◆ **WHAT NEEDS TO BE DONE**
The full listing below should be returned without a single change.

◆ **SUPPLIED DATA**
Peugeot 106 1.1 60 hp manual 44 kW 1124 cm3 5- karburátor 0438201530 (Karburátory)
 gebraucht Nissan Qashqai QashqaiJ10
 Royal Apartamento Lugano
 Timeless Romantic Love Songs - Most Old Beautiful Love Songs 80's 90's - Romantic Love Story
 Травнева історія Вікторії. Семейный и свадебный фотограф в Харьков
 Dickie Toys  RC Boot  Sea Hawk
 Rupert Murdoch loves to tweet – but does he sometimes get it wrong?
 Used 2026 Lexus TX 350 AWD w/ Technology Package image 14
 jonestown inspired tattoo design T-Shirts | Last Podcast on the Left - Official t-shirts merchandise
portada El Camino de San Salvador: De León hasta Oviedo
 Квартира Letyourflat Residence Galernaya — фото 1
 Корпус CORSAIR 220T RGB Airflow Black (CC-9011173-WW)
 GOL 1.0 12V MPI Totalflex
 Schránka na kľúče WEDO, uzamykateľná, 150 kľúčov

◆ **TASK RESULT**
Peugeot 106 1.1 60 hp manual 44 kW 1124 cm3 5- karburátor 0438201530 (Karburátory)
 gebraucht Nissan Qashqai QashqaiJ10
 Royal Apartamento Lugano
 Timeless Romantic Love Songs - Most Old Beautiful Love Songs 80's 90's - Romantic Love Story
 Травнева історія Вікторії. Семейный и свадебный фотограф в Харьков
 Dickie Toys  RC Boot  Sea Hawk
 Rupert Murdoch loves to tweet – but does he sometimes get it wrong?
 Used 2026 Lexus TX 350 AWD w/ Technology Package image 14
 jonestown inspired tattoo design T-Shirts | Last Podcast on the Left - Official t-shirts merchandise
portada El Camino de San Salvador: De León hasta Oviedo
 Квартира Letyourflat Residence Galernaya — фото 1
 Корпус CORSAIR 220T RGB Airflow Black (CC-9011173-WW)
 GOL 1.0 12V MPI Totalflex
 Schránka na kľúče WEDO, uzamykateľná, 150 kľúčov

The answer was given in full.